Crítica: Indústria Americana
American Factory, EUA, 2019
Contraste mostrado em documentário reflete não apenas diferenças culturais, mas também temporais entre EUA e China
★★★★☆
O documentário Indústria Americana poderia ser um inspirador conto de integração e aceitação entre as culturas chinesa e norte-americana. Porém, o que os cineastas Steven Bognar e Julia Reichert encontram ao percorrem o chão de uma fábrica chinesa nos EUA é simultaneamente previsível e surpreendente: enquanto o choque entre patrões e empregados ocorre como o esperado, as incompatibilidades entre os operários chineses e os norte-americanos expõem algumas das dimensões psicológicas e, até mesmo, filosóficas da relação do ser humano com o trabalho.

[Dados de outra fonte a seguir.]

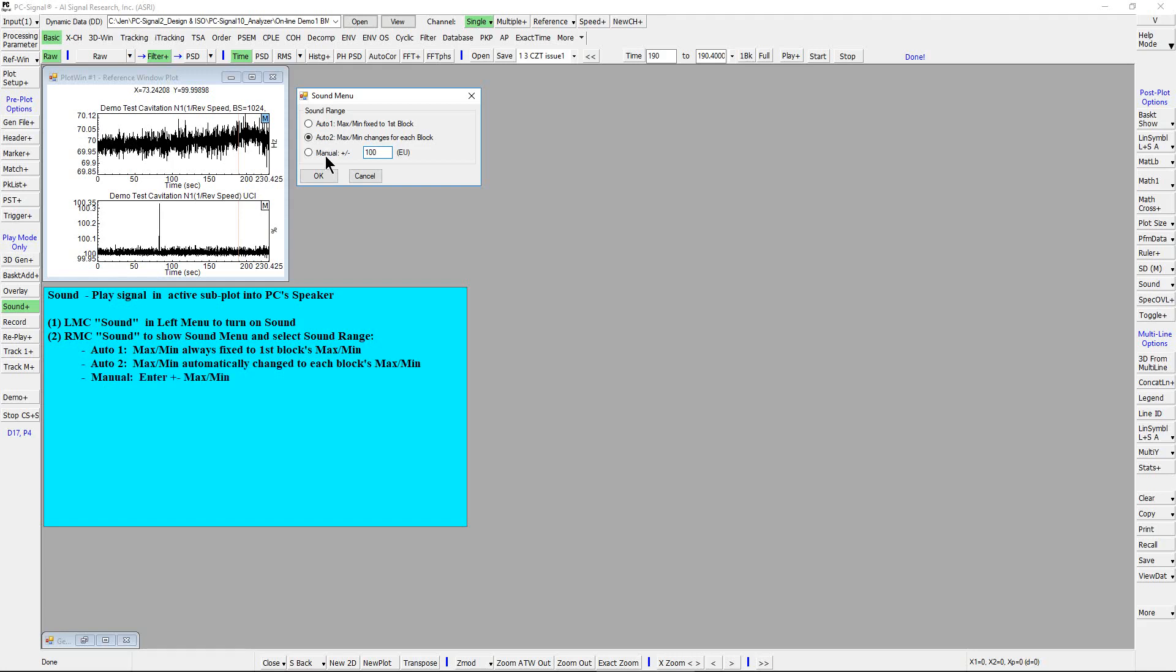For manual option, simply enter the desired max min. Let's select AUTO2. Now start.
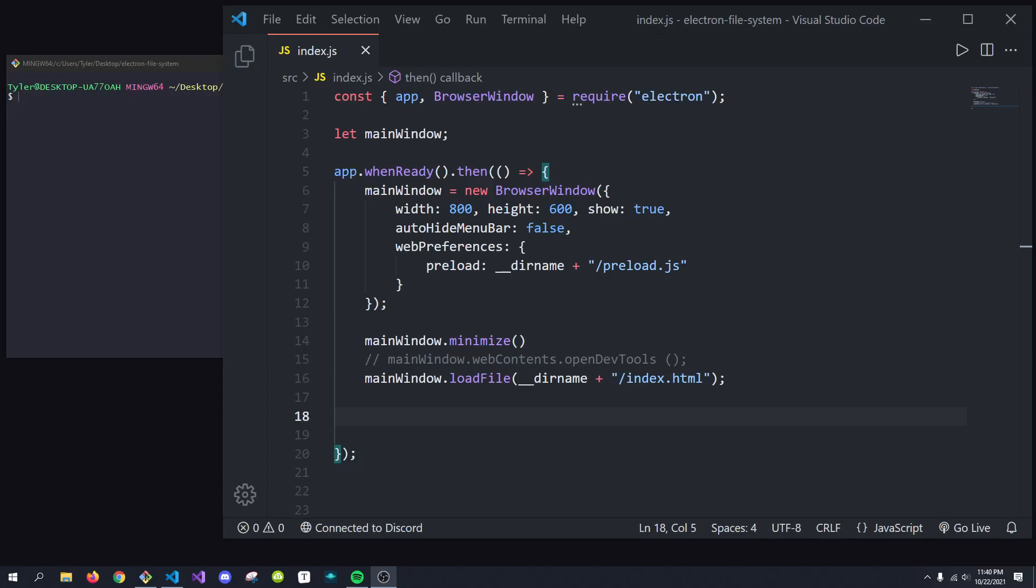Hey, what's going on, everybody? It's Tyler here, and in today's video, I'm going to be showing you how to show the progress of a task on the bottom part of the taskbar for your users with Electron.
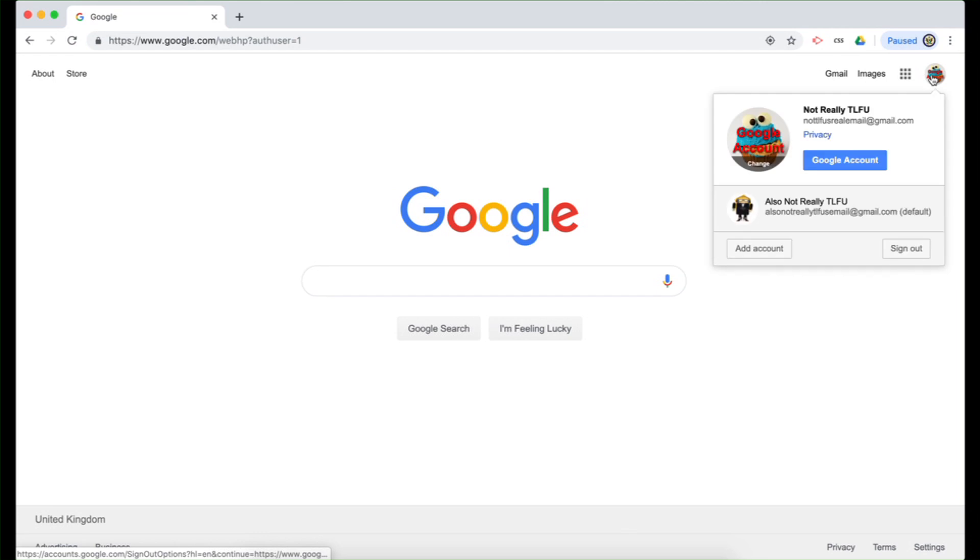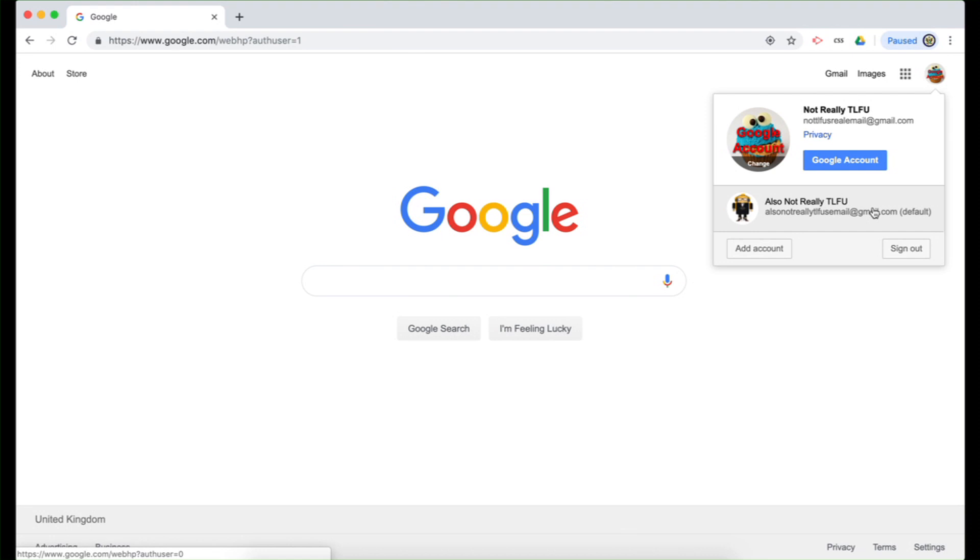And if I click on that on the top right hand side, you will see that now I have reversed the default. So essentially just remember it's the first Google account that you sign into that becomes your default.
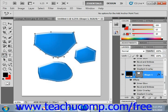You can also click directly on the anchor point and drag to move the anchor point itself to a new location.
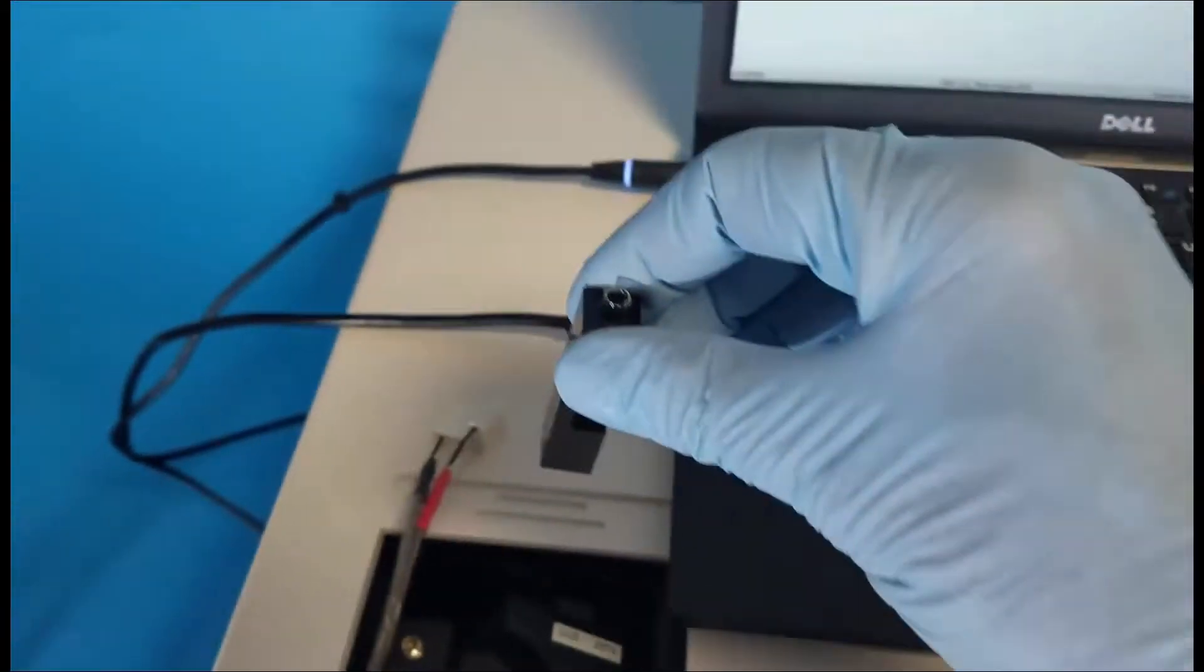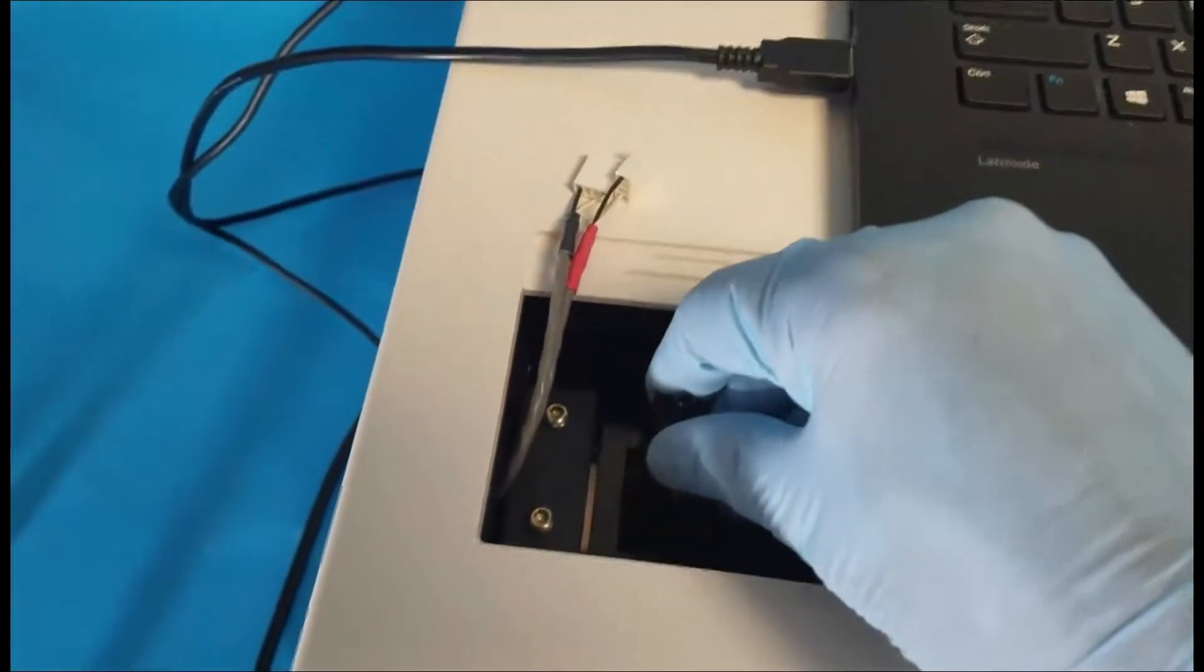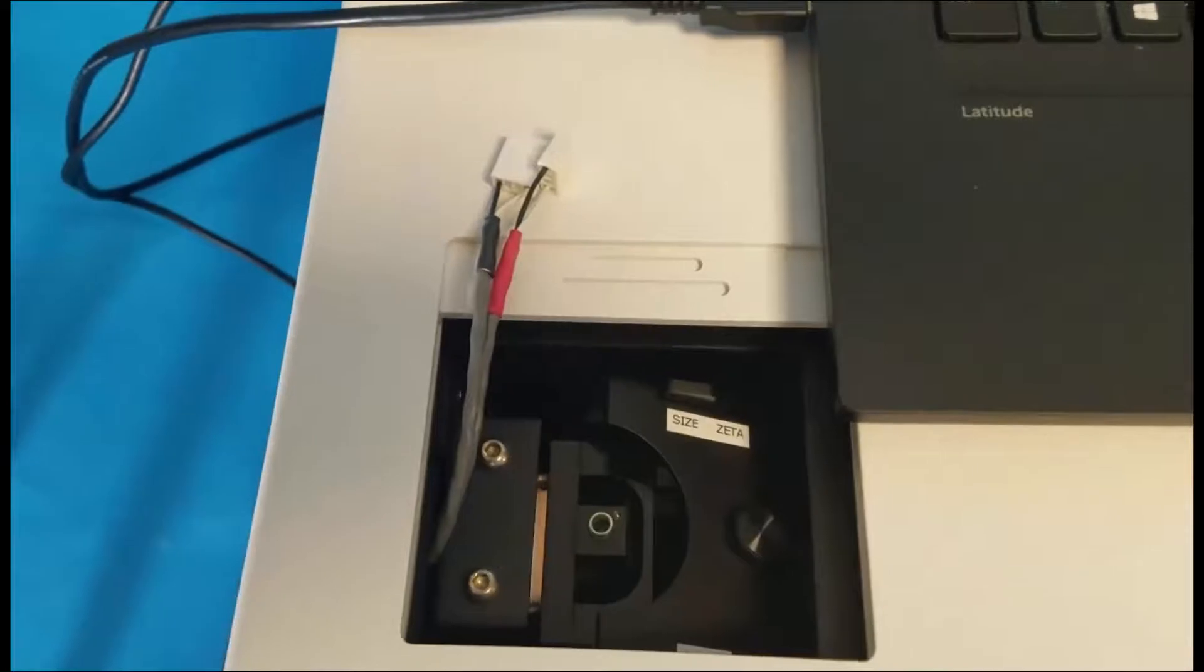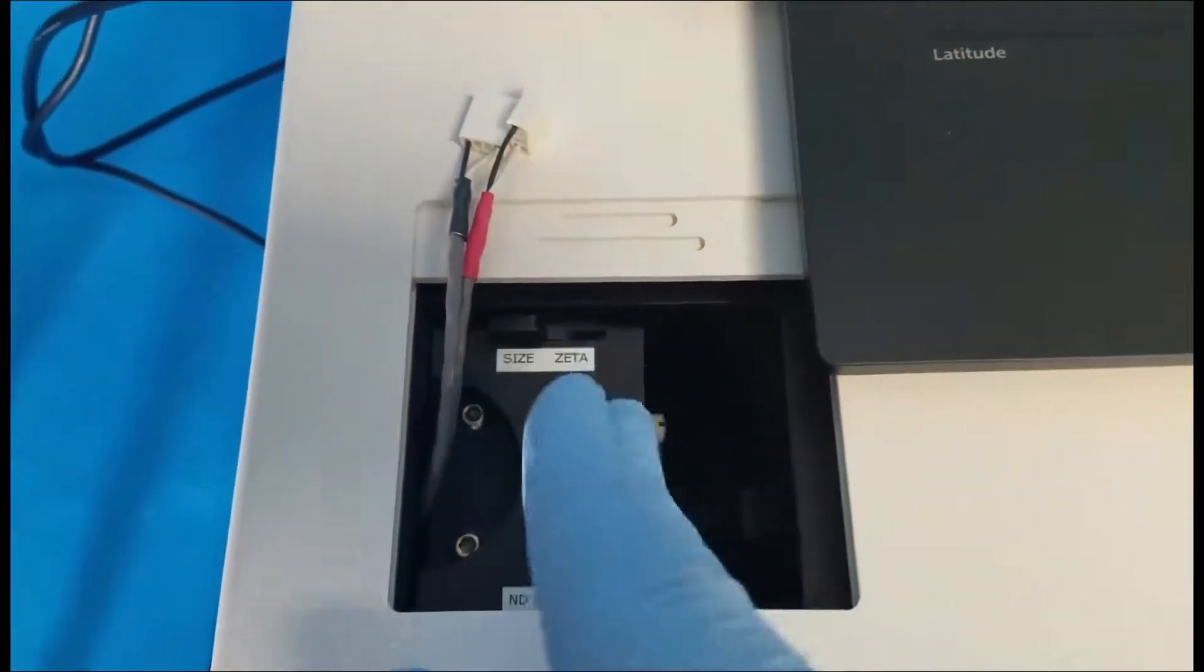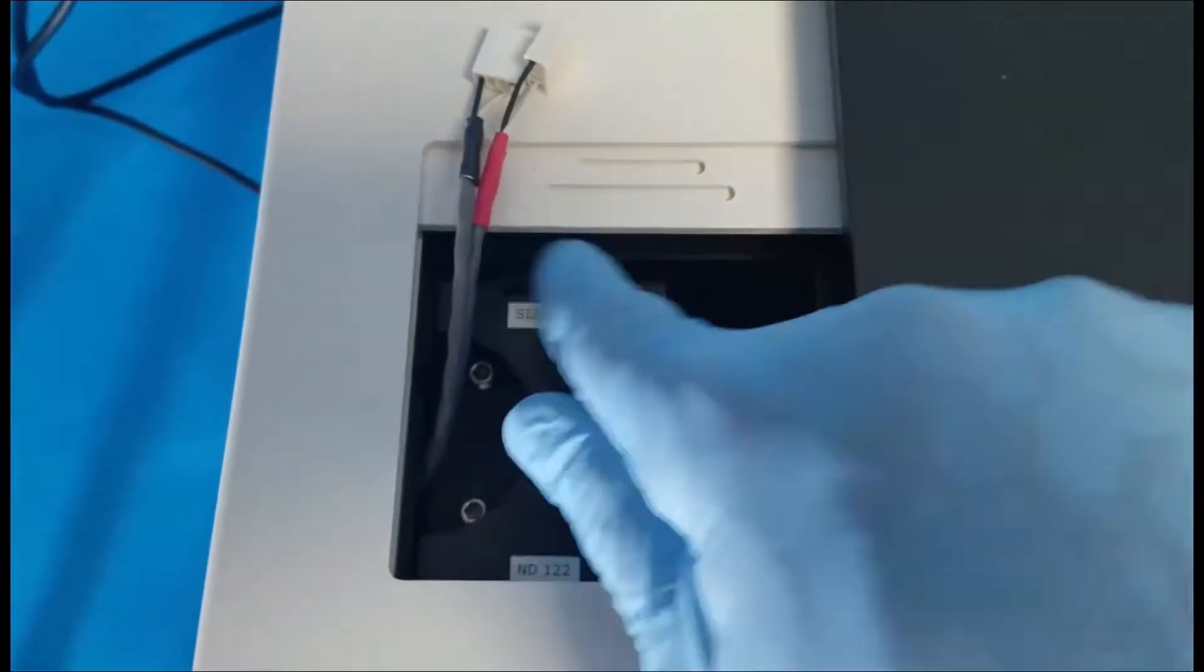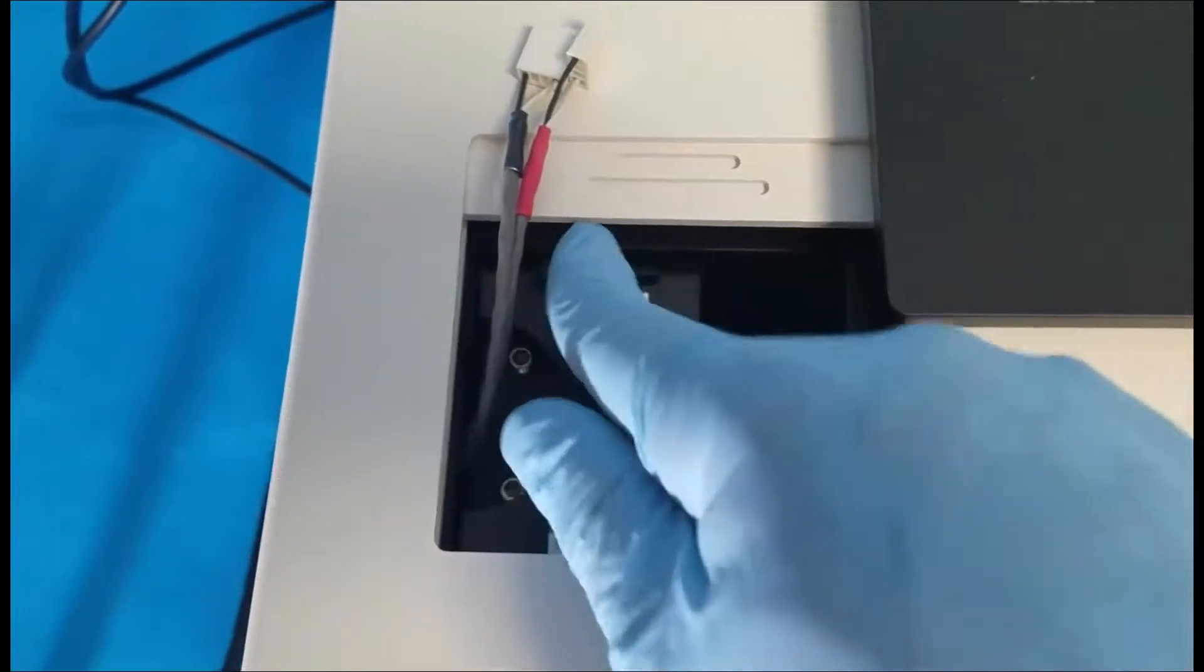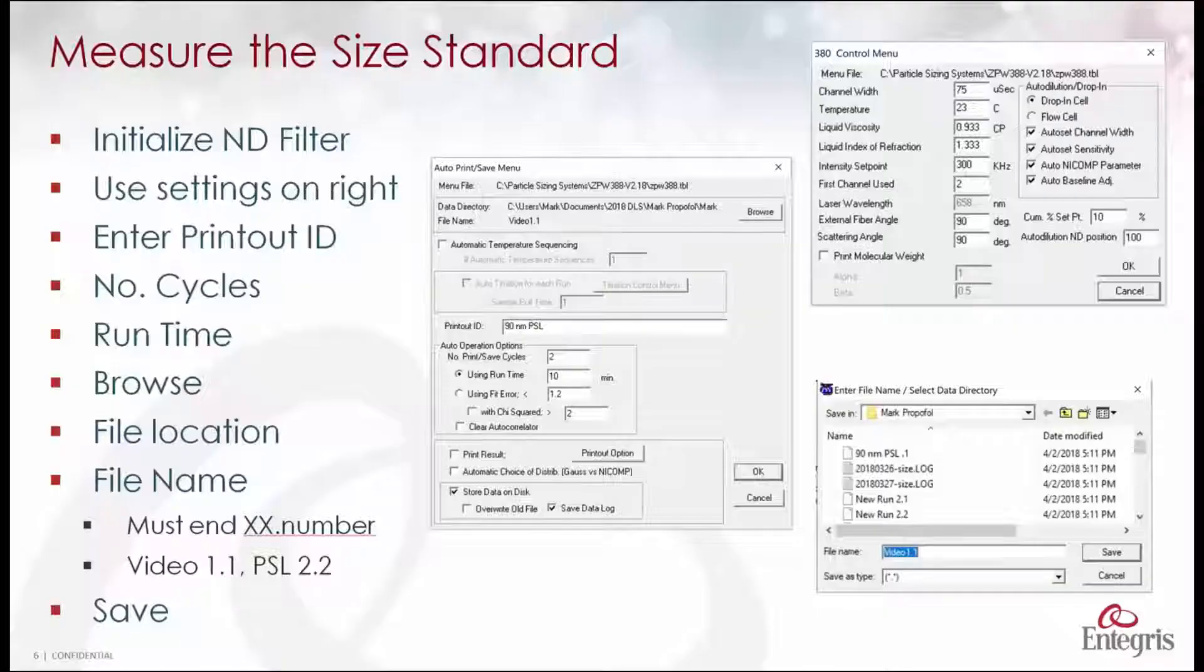Load the cell oriented as just described. There's a black plate in here. You move it over to the left and make sure that this is in the position for size not zeta if it's a zeta system and then close the door.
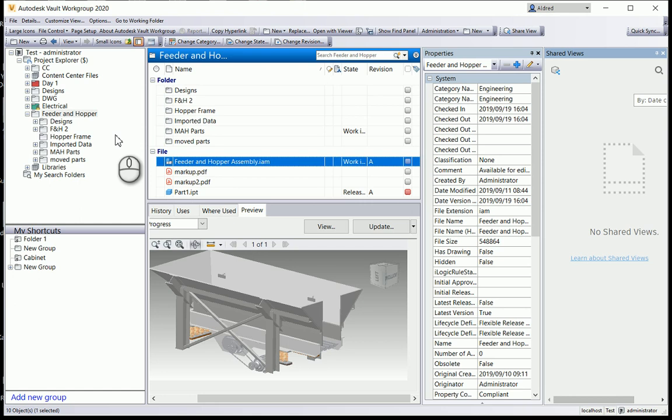Autodesk Vault recently introduced shared views straight inside the vault. Shared views has been around for a couple of years and it's a great way to share data between people or to your clients.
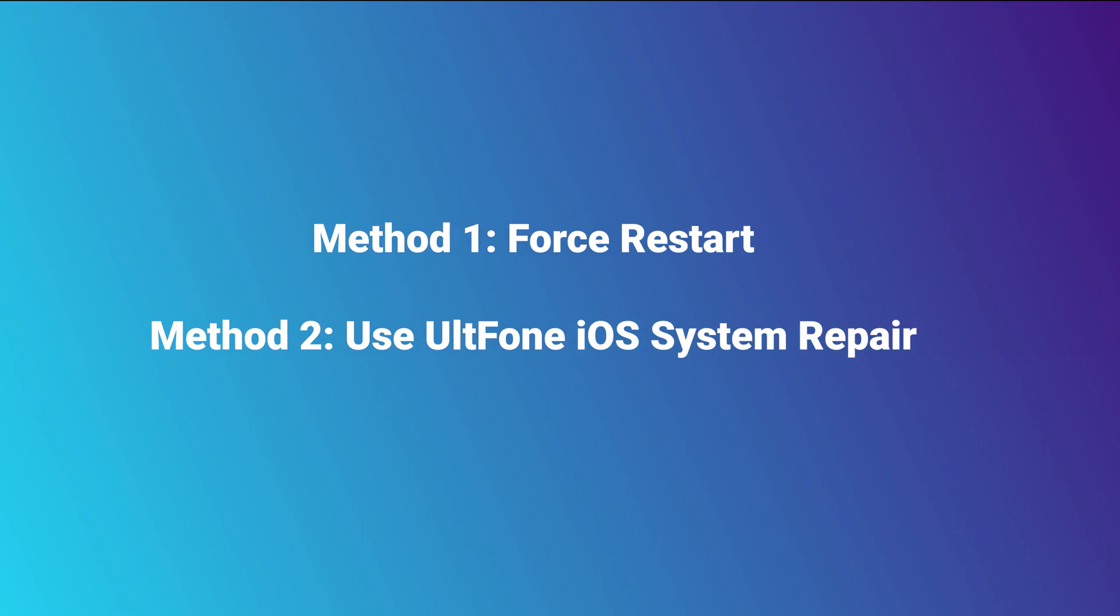I will show you how to force restart your iPhone SE 3. So press and release the volume up button, press and release the volume down, and then press and hold the side button until the screen goes black. Just like this. About a few seconds later, you will see the Apple logo up here.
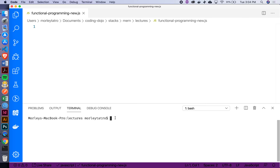This afternoon we're going to do something really interesting called functional programming. This is a paradigm that's taken off in the last four or five years. Essentially what we were seeing earlier today — and even yesterday a little bit — is that we're able to pass functions around as if they were just regular old values, and that enables us to do some pretty interesting things.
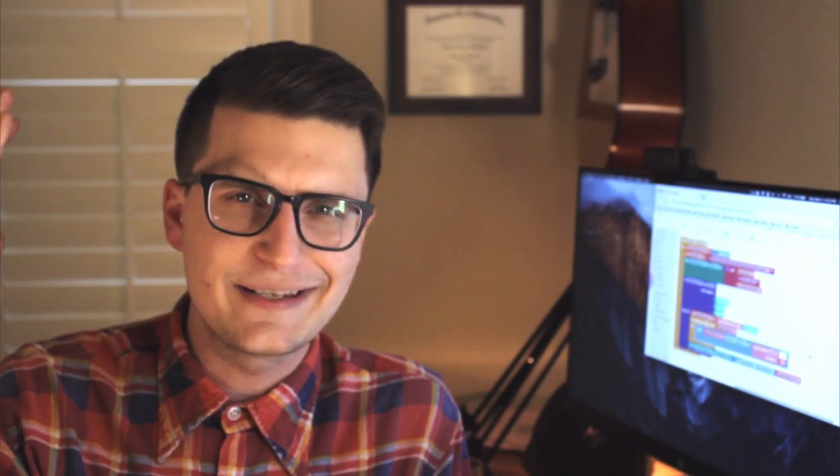Hey there, friend. My name is Darren, and in this video series, we're learning how to incorporate the Web API component with our ThunkableX app.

Por algum motivo, o bilionário chinês Cho Tak Wong esperava níveis semelhantes de “dedicação” da força de trabalho norte-americana. Porém, mesmo desesperados com a situação econômica local e extasiados com as oportunidades abertas com a nova fábrica, os trabalhadores do estado de Ohio não estão dispostos a arriscarem a própria segurança física e mental para produzirem vidros para carros. Para eles, o trabalho é uma parte importante da vida e fonte de renda e dignidade, mas não a ponto de ser o elemento central e razão de suas existências.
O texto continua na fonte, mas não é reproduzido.